3.14 Building JAR Files

3.14.1 Problem

You want to build a JAR file.

3.14.2 Solution

Use Ant's jar task.

3.14.3 Discussion

The jar task creates JAR files, as expected. In its simplest form, you specify the name of the new JAR file along with the directory containing files to add to the archive. All files in the directory specified by basedir along with subdirectories and files are added:

<jar jarfile="${dir.dist}/oreilly.jar" 
     basedir="${dir.build}"/>

The jar task tries to be as efficient as possible. Before creating a new JAR, it checks for an existing archive and compares file timestamps.

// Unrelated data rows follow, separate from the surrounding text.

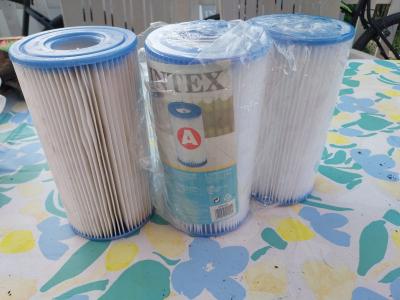 3 filtres type A pompe de piscine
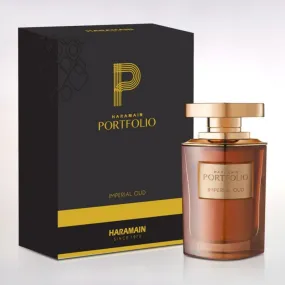 Haramain Portfolio Imperial Oud Spray 75ml for Unisex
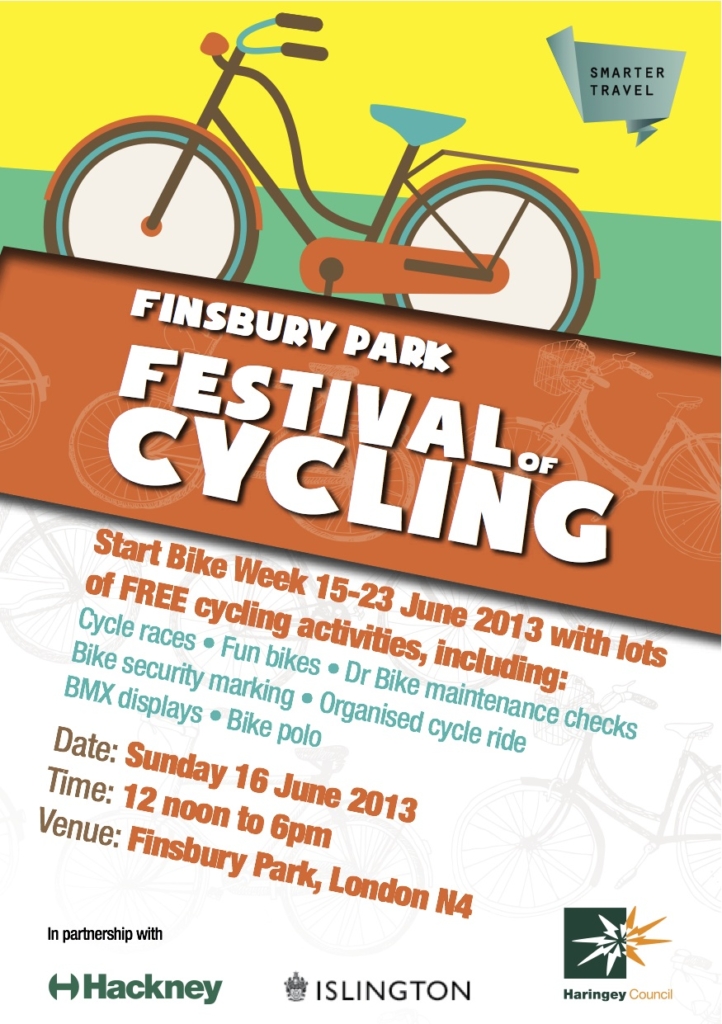 Finsbury Park Festival of Cycling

In our example, oreilly.jar is only created if it does not exist, or if any of the files in ${dir.build} are newer than oreilly.jar.

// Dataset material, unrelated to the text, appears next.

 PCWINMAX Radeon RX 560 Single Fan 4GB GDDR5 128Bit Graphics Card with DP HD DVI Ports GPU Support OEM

This next example refines our operation by only including .class files, unless they are unit tests matching the Test*.class pattern:

<jar jarfile="${dir.dist}/oreilly.jar" 
     basedir="${dir.build}"
     includes="**/*.class"
     excludes="**/Test*.class"/>

The includes and excludes attributes use the ** pattern to represent any subdirectory. Use nested <fileset> tags for more sophisticated selections:

<jar jarfile="${dir.dist}/oreilly.jar">
  <fileset dir="${dir.build}" 
           includes="**/*.class"
           excludes="**/Test*.class"/>
  <fileset dir="${dir.src}"
           includes="**/*.properties"/>
</jar>

This JAR file consists of all .class files (except for Test*.class) in the build directory tree. It also contains all .properties files under the source directory tree.

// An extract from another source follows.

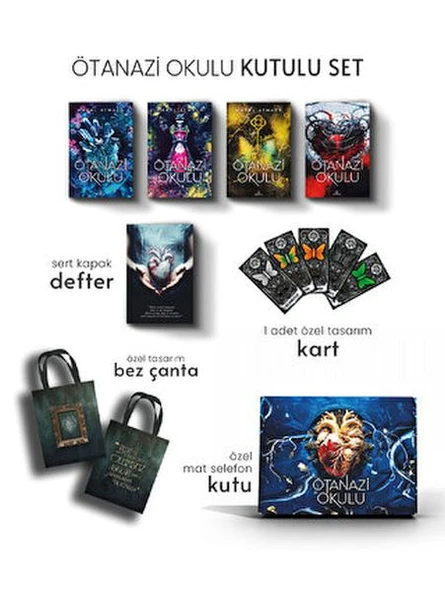 Ötanazi Okulu Kutulu Set (Ciltli) ürün görseli 1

Ant makes it completely trivial to exclude test cases from a production JAR fileliterally, less than one line of text in the build file. Some teams make their lives quite hard by having a separate source tree for their test classes, enduring all kinds of IDE gymnastics because they are mortified they might inflate their production JARs with test cases.

3.14.4 See Also

Recipe 3.10 covers Ant's pattern-matching syntax.